### Assignment
From the listing below, restate word for word the lines from the line containing "Корм сухой для" down through the line containing "Watch film The". Exclude pictures.

━━━ Provided entries

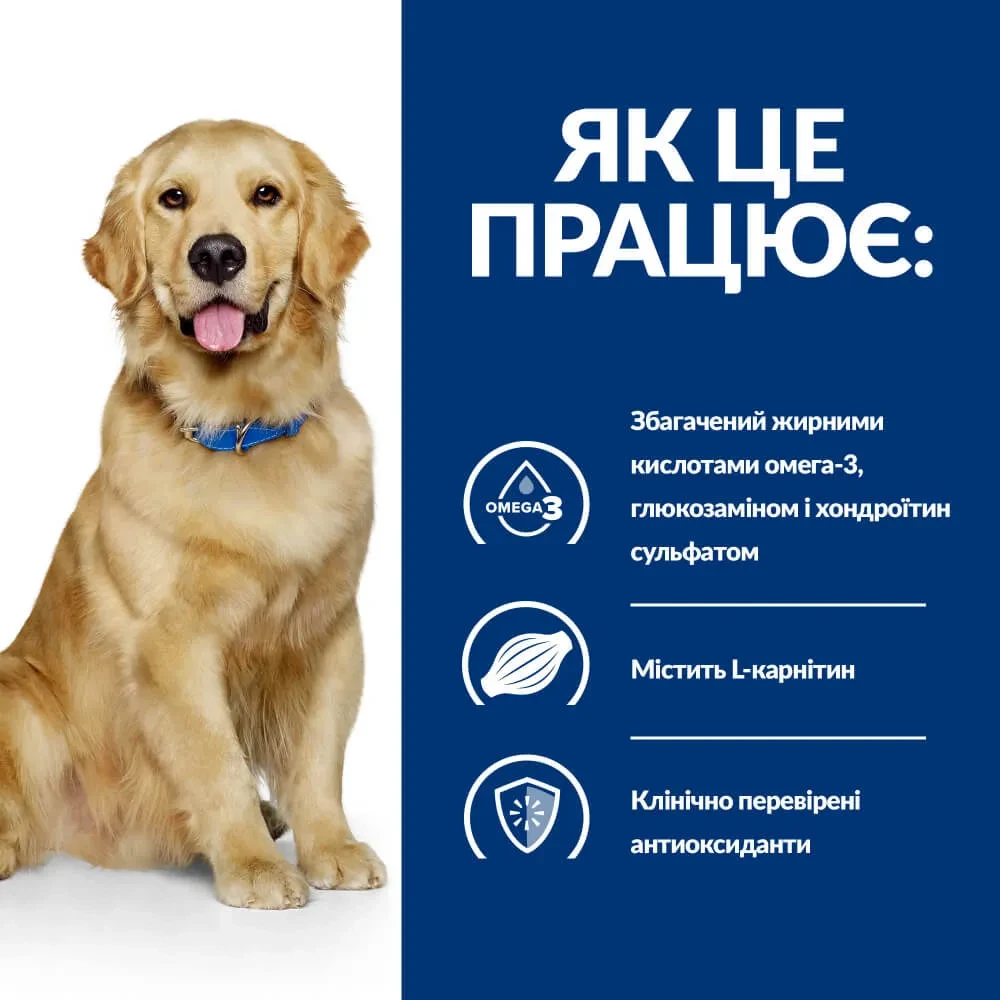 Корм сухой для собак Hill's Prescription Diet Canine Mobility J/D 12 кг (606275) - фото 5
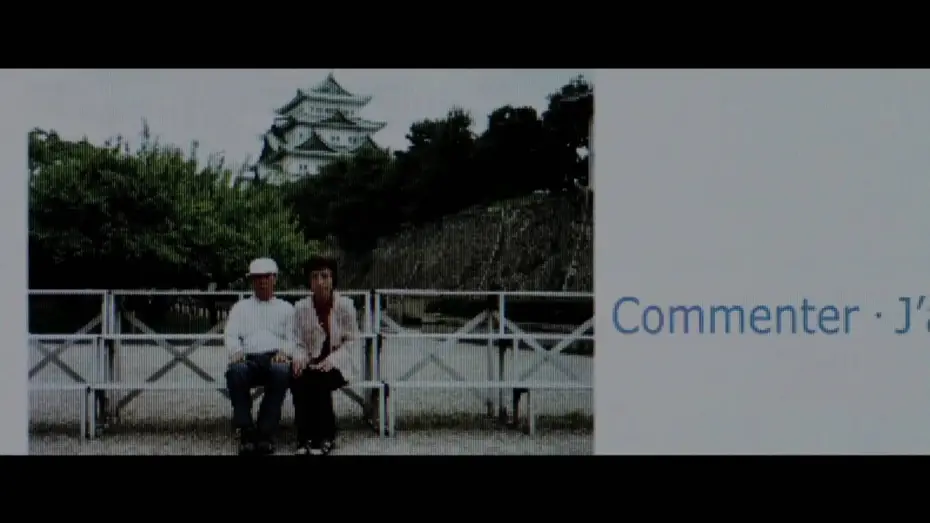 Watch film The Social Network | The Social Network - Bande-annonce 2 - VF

━━━━━━
━━━ Provided entries

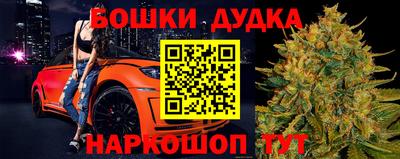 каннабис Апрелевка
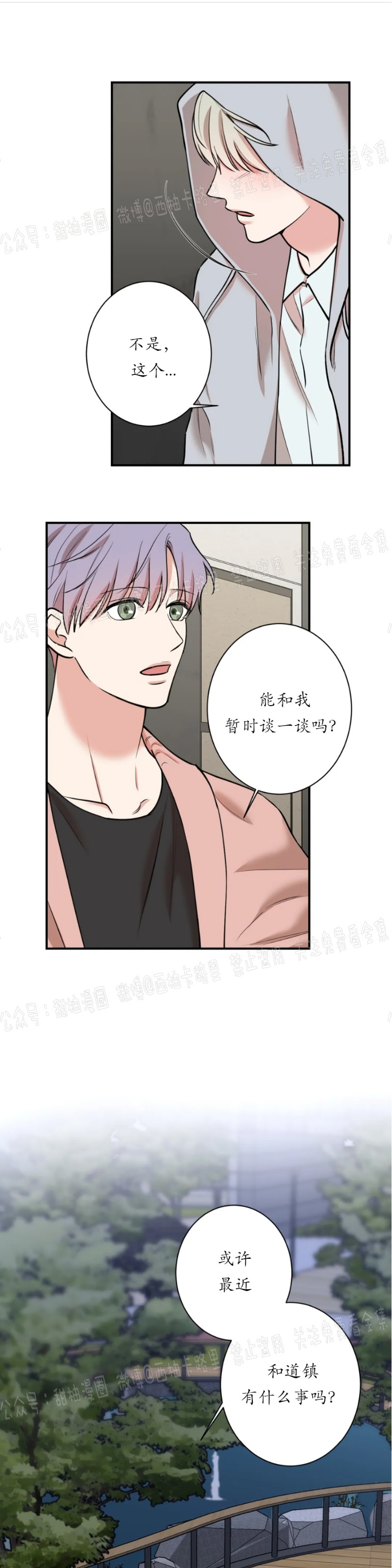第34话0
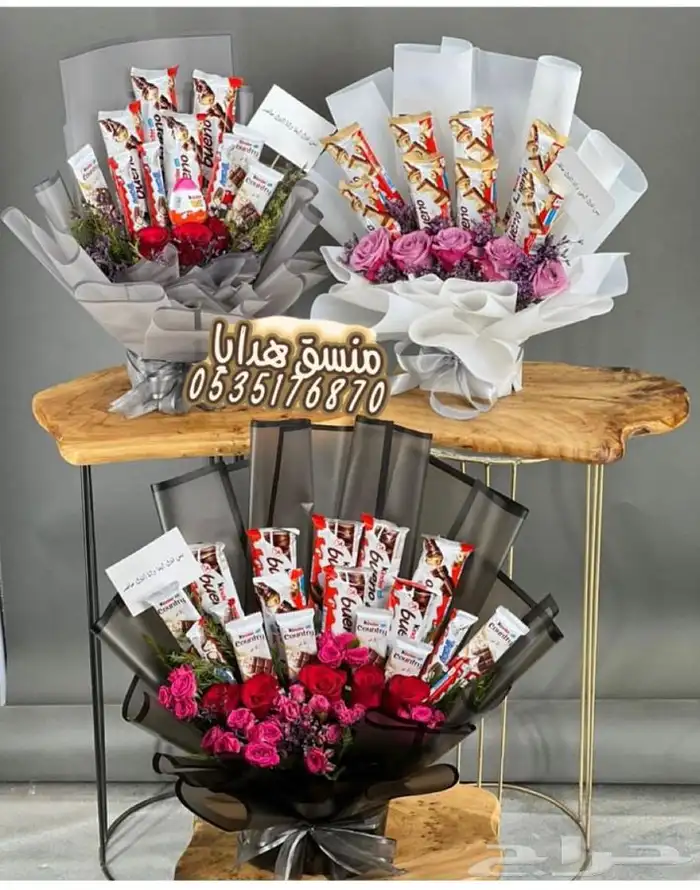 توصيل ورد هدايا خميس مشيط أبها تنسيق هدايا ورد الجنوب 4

━━━━━━
━━━ Provided entries

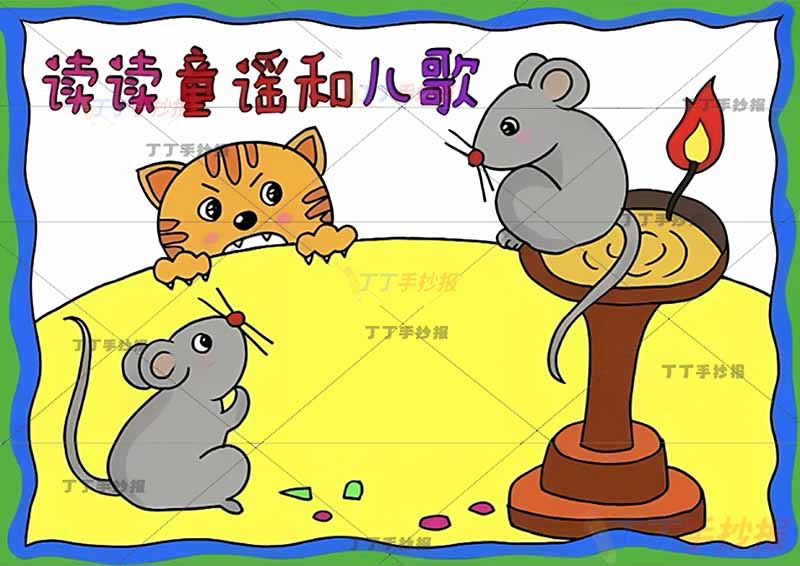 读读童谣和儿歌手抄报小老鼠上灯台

━━━━━━

### Result
 Корм сухой для собак Hill's Prescription Diet Canine Mobility J/D 12 кг (606275) - фото 5
 Watch film The Social Network | The Social Network - Bande-annonce 2 - VF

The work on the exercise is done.